▸ PROBLEM TO SOLVE: An exact reprint of the data below is required, line for line.

▸ DATASET RECORDS:
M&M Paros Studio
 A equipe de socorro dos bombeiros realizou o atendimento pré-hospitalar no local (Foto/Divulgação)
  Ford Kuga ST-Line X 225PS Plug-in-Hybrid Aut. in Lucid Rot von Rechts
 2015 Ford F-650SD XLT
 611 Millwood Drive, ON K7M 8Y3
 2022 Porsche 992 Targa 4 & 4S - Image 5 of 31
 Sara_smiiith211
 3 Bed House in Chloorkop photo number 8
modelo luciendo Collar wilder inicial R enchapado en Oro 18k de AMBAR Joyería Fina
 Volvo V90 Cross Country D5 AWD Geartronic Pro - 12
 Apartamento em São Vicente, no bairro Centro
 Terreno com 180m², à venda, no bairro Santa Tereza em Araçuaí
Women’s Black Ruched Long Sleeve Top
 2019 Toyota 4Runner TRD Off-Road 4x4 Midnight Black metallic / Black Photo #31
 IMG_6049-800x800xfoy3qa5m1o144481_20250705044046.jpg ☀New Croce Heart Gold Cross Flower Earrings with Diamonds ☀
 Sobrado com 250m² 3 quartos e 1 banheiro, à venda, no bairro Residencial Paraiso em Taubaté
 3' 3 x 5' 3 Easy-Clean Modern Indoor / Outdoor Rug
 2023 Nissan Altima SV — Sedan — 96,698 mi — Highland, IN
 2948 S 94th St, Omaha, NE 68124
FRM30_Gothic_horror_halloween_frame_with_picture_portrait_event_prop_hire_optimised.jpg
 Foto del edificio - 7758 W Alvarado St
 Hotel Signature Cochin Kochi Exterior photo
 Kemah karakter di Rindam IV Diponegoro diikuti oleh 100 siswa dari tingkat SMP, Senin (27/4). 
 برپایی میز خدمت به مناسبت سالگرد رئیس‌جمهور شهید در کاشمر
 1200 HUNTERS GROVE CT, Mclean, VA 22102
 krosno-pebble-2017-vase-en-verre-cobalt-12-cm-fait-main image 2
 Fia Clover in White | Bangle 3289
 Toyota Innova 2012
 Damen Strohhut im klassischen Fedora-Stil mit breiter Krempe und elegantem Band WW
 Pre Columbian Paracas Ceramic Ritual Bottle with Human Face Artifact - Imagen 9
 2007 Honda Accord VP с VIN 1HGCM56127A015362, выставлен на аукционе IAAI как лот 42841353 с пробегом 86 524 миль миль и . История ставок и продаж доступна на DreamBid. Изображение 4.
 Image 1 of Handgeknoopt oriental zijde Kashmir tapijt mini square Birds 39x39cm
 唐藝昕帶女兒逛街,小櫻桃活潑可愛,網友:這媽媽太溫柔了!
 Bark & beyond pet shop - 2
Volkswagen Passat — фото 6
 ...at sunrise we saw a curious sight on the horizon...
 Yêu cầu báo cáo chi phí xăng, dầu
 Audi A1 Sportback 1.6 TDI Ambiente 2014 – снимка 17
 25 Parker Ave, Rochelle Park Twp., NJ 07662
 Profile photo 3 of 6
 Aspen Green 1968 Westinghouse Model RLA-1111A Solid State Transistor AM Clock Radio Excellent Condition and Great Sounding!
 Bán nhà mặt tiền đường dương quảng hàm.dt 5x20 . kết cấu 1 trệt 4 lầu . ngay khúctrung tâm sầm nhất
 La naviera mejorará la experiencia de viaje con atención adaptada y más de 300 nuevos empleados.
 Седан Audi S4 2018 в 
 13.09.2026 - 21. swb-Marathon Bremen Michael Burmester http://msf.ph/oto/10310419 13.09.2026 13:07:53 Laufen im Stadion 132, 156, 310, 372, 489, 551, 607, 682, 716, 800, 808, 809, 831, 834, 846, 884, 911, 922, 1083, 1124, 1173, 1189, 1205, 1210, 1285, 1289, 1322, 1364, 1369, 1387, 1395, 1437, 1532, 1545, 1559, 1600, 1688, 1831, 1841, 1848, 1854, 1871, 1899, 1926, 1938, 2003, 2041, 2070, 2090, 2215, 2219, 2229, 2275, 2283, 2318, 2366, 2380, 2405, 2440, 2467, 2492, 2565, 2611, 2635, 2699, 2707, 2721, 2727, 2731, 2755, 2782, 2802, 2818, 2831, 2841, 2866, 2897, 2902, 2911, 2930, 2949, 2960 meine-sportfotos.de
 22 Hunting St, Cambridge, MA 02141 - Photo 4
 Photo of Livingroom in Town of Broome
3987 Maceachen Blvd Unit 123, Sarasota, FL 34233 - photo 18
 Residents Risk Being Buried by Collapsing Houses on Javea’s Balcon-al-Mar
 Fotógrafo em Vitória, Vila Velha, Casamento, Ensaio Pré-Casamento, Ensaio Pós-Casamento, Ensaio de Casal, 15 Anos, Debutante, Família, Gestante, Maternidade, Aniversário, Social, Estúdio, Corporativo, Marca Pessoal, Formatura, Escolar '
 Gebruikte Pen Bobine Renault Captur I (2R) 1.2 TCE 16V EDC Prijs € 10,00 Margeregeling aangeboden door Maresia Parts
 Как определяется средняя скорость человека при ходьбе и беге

▸ COMPLETED TASK:
M&M Paros Studio
 A equipe de socorro dos bombeiros realizou o atendimento pré-hospitalar no local (Foto/Divulgação)
  Ford Kuga ST-Line X 225PS Plug-in-Hybrid Aut. in Lucid Rot von Rechts
 2015 Ford F-650SD XLT
 611 Millwood Drive, ON K7M 8Y3
 2022 Porsche 992 Targa 4 & 4S - Image 5 of 31
 Sara_smiiith211
 3 Bed House in Chloorkop photo number 8
modelo luciendo Collar wilder inicial R enchapado en Oro 18k de AMBAR Joyería Fina
 Volvo V90 Cross Country D5 AWD Geartronic Pro - 12
 Apartamento em São Vicente, no bairro Centro
 Terreno com 180m², à venda, no bairro Santa Tereza em Araçuaí
Women’s Black Ruched Long Sleeve Top
 2019 Toyota 4Runner TRD Off-Road 4x4 Midnight Black metallic / Black Photo #31
 IMG_6049-800x800xfoy3qa5m1o144481_20250705044046.jpg ☀New Croce Heart Gold Cross Flower Earrings with Diamonds ☀
 Sobrado com 250m² 3 quartos e 1 banheiro, à venda, no bairro Residencial Paraiso em Taubaté
 3' 3 x 5' 3 Easy-Clean Modern Indoor / Outdoor Rug
 2023 Nissan Altima SV — Sedan — 96,698 mi — Highland, IN
 2948 S 94th St, Omaha, NE 68124
FRM30_Gothic_horror_halloween_frame_with_picture_portrait_event_prop_hire_optimised.jpg
 Foto del edificio - 7758 W Alvarado St
 Hotel Signature Cochin Kochi Exterior photo
 Kemah karakter di Rindam IV Diponegoro diikuti oleh 100 siswa dari tingkat SMP, Senin (27/4). 
 برپایی میز خدمت به مناسبت سالگرد رئیس‌جمهور شهید در کاشمر
 1200 HUNTERS GROVE CT, Mclean, VA 22102
 krosno-pebble-2017-vase-en-verre-cobalt-12-cm-fait-main image 2
 Fia Clover in White | Bangle 3289
 Toyota Innova 2012
 Damen Strohhut im klassischen Fedora-Stil mit breiter Krempe und elegantem Band WW
 Pre Columbian Paracas Ceramic Ritual Bottle with Human Face Artifact - Imagen 9
 2007 Honda Accord VP с VIN 1HGCM56127A015362, выставлен на аукционе IAAI как лот 42841353 с пробегом 86 524 миль миль и . История ставок и продаж доступна на DreamBid. Изображение 4.
 Image 1 of Handgeknoopt oriental zijde Kashmir tapijt mini square Birds 39x39cm
 唐藝昕帶女兒逛街,小櫻桃活潑可愛,網友:這媽媽太溫柔了!
 Bark & beyond pet shop - 2
Volkswagen Passat — фото 6
 ...at sunrise we saw a curious sight on the horizon...
 Yêu cầu báo cáo chi phí xăng, dầu
 Audi A1 Sportback 1.6 TDI Ambiente 2014 – снимка 17
 25 Parker Ave, Rochelle Park Twp., NJ 07662
 Profile photo 3 of 6
 Aspen Green 1968 Westinghouse Model RLA-1111A Solid State Transistor AM Clock Radio Excellent Condition and Great Sounding!
 Bán nhà mặt tiền đường dương quảng hàm.dt 5x20 . kết cấu 1 trệt 4 lầu . ngay khúctrung tâm sầm nhất
 La naviera mejorará la experiencia de viaje con atención adaptada y más de 300 nuevos empleados.
 Седан Audi S4 2018 в 
 13.09.2026 - 21. swb-Marathon Bremen Michael Burmester http://msf.ph/oto/10310419 13.09.2026 13:07:53 Laufen im Stadion 132, 156, 310, 372, 489, 551, 607, 682, 716, 800, 808, 809, 831, 834, 846, 884, 911, 922, 1083, 1124, 1173, 1189, 1205, 1210, 1285, 1289, 1322, 1364, 1369, 1387, 1395, 1437, 1532, 1545, 1559, 1600, 1688, 1831, 1841, 1848, 1854, 1871, 1899, 1926, 1938, 2003, 2041, 2070, 2090, 2215, 2219, 2229, 2275, 2283, 2318, 2366, 2380, 2405, 2440, 2467, 2492, 2565, 2611, 2635, 2699, 2707, 2721, 2727, 2731, 2755, 2782, 2802, 2818, 2831, 2841, 2866, 2897, 2902, 2911, 2930, 2949, 2960 meine-sportfotos.de
 22 Hunting St, Cambridge, MA 02141 - Photo 4
 Photo of Livingroom in Town of Broome
3987 Maceachen Blvd Unit 123, Sarasota, FL 34233 - photo 18
 Residents Risk Being Buried by Collapsing Houses on Javea’s Balcon-al-Mar
 Fotógrafo em Vitória, Vila Velha, Casamento, Ensaio Pré-Casamento, Ensaio Pós-Casamento, Ensaio de Casal, 15 Anos, Debutante, Família, Gestante, Maternidade, Aniversário, Social, Estúdio, Corporativo, Marca Pessoal, Formatura, Escolar '
 Gebruikte Pen Bobine Renault Captur I (2R) 1.2 TCE 16V EDC Prijs € 10,00 Margeregeling aangeboden door Maresia Parts
 Как определяется средняя скорость человека при ходьбе и беге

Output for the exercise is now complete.